> _TASK REQUIREMENTS_
In the data below, find the line containing "Sand Dollars Doormat", then set down that line and every later line up to and including the line containing "Pen pouch with", exactly.

> _DATASET_
▽

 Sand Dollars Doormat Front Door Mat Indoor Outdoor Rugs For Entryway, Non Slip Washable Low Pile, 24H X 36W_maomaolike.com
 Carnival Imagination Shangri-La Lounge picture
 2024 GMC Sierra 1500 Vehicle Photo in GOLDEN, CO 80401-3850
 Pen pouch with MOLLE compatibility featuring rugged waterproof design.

△
▽

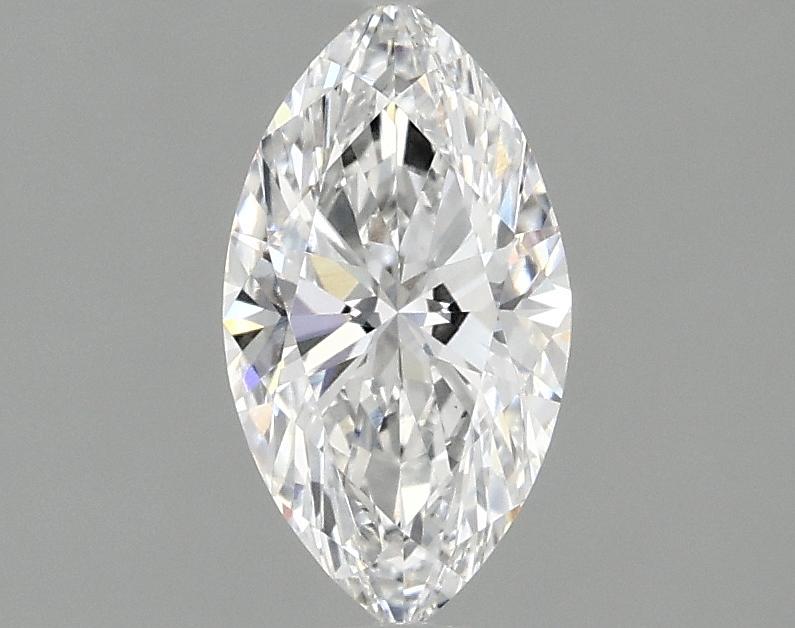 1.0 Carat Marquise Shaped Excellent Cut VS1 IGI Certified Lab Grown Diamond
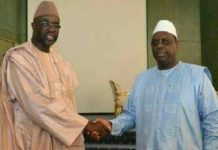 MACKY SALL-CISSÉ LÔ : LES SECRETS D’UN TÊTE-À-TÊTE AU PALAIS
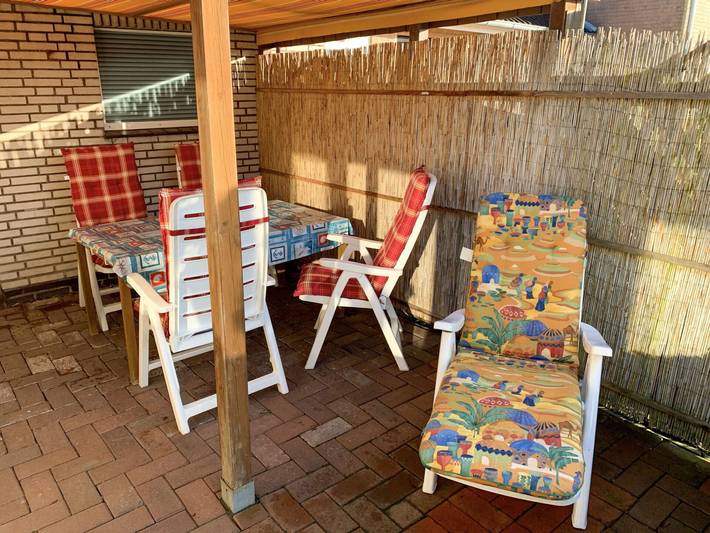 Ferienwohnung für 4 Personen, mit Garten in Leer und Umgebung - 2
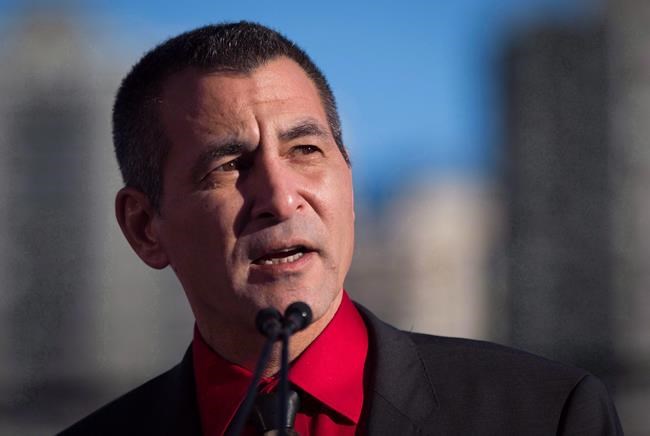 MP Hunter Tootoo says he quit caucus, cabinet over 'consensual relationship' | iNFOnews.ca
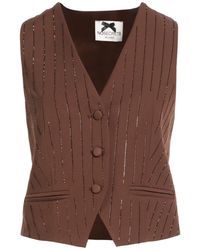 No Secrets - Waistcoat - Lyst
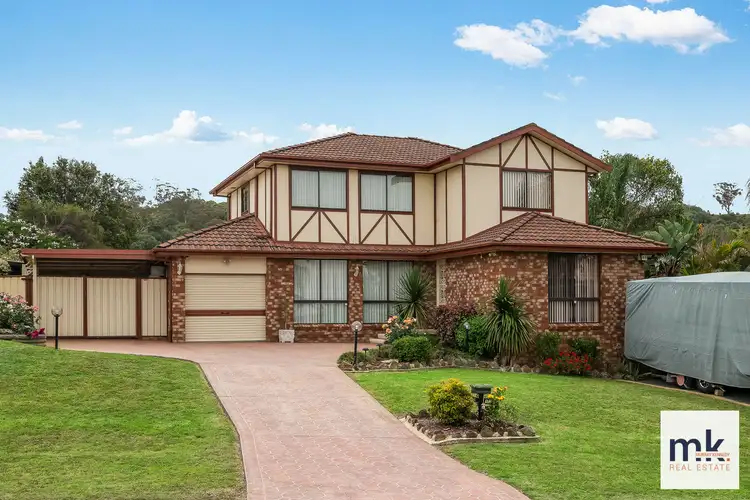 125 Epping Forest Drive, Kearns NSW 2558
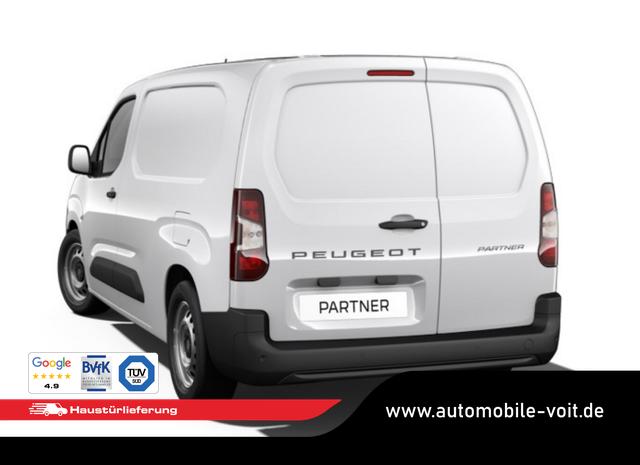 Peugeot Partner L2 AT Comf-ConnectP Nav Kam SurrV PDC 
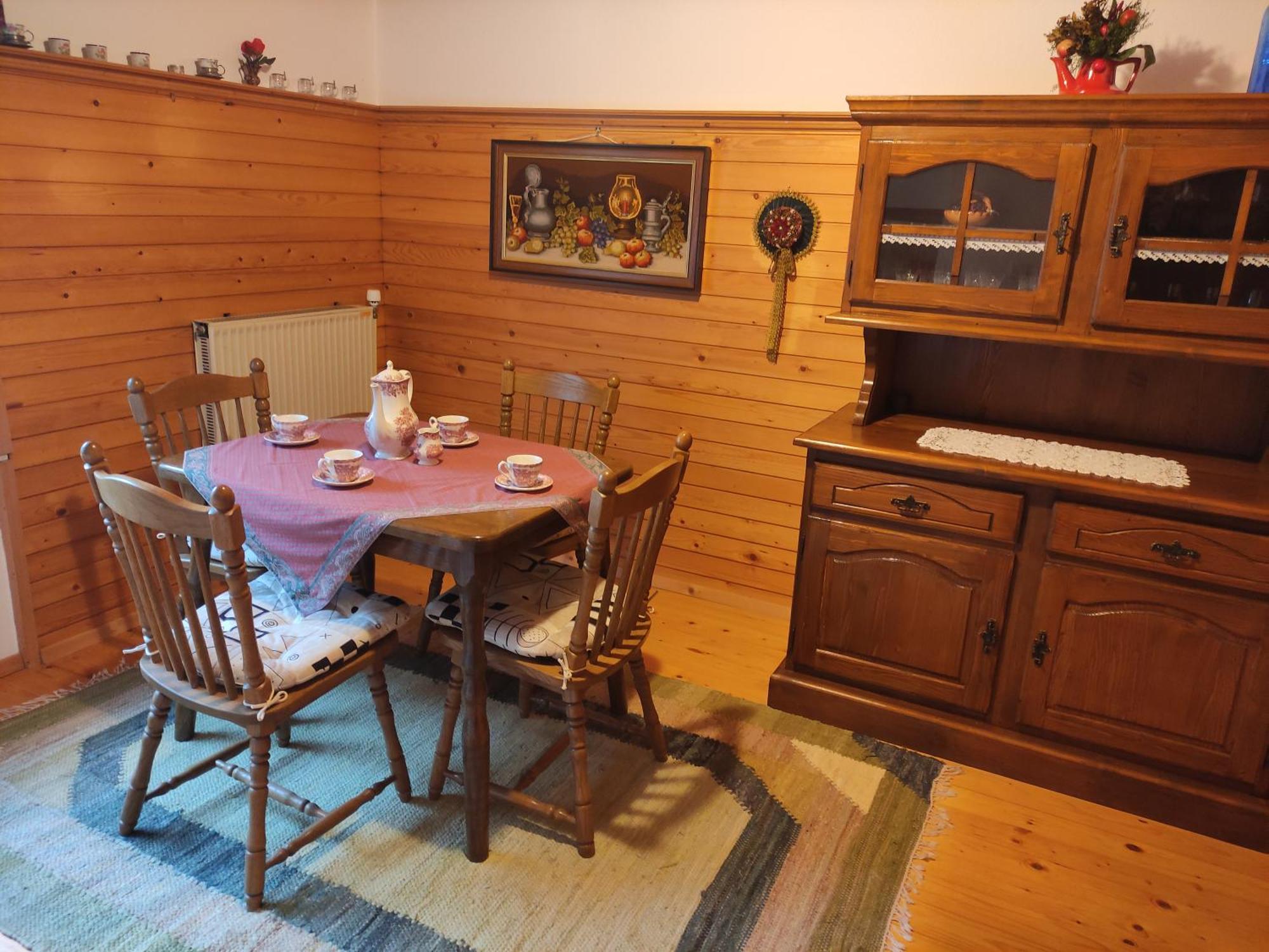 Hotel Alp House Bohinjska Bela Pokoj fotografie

△
▽

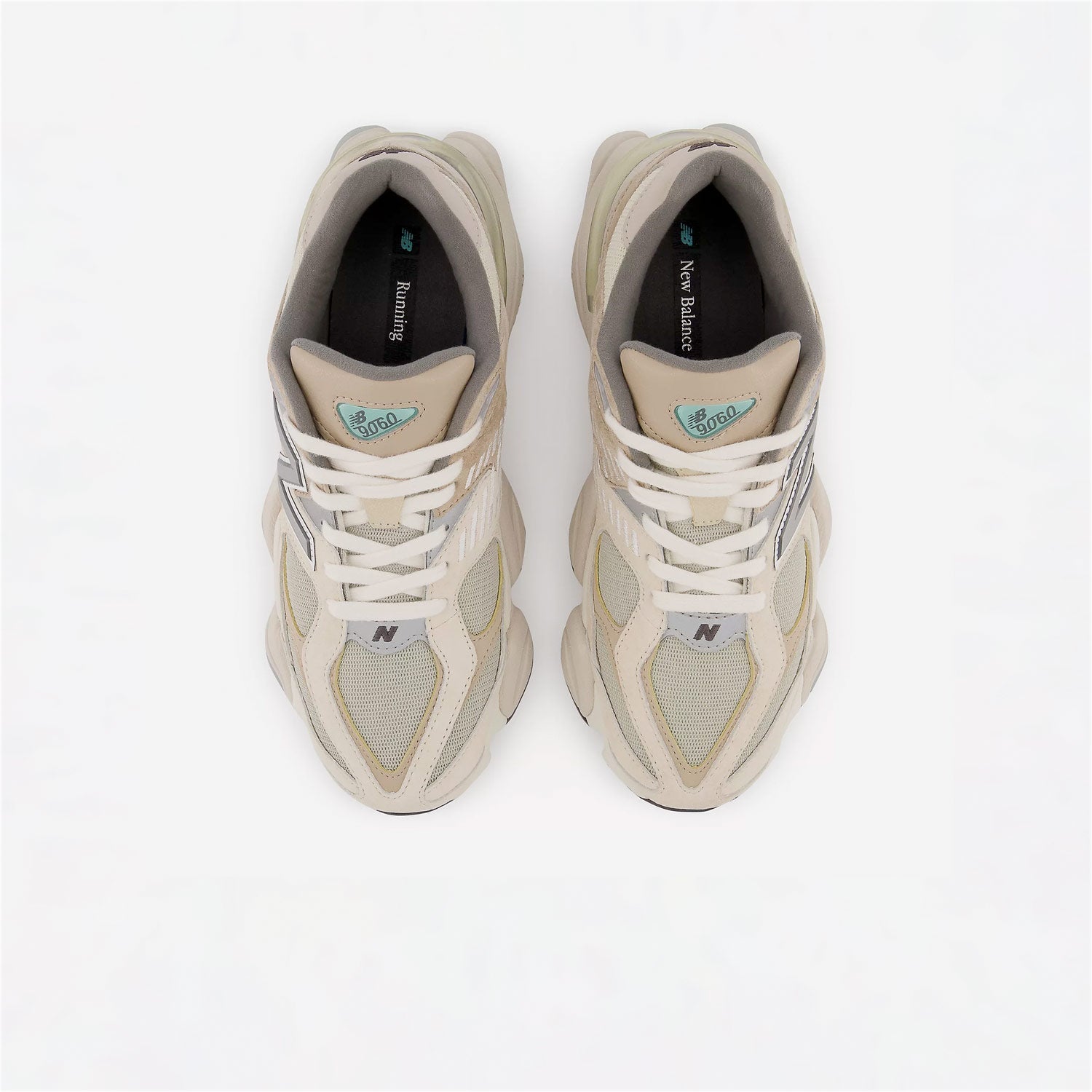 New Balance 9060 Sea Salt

△

> _TASK OUTPUT_
 Sand Dollars Doormat Front Door Mat Indoor Outdoor Rugs For Entryway, Non Slip Washable Low Pile, 24H X 36W_maomaolike.com
 Carnival Imagination Shangri-La Lounge picture
 2024 GMC Sierra 1500 Vehicle Photo in GOLDEN, CO 80401-3850
 Pen pouch with MOLLE compatibility featuring rugged waterproof design.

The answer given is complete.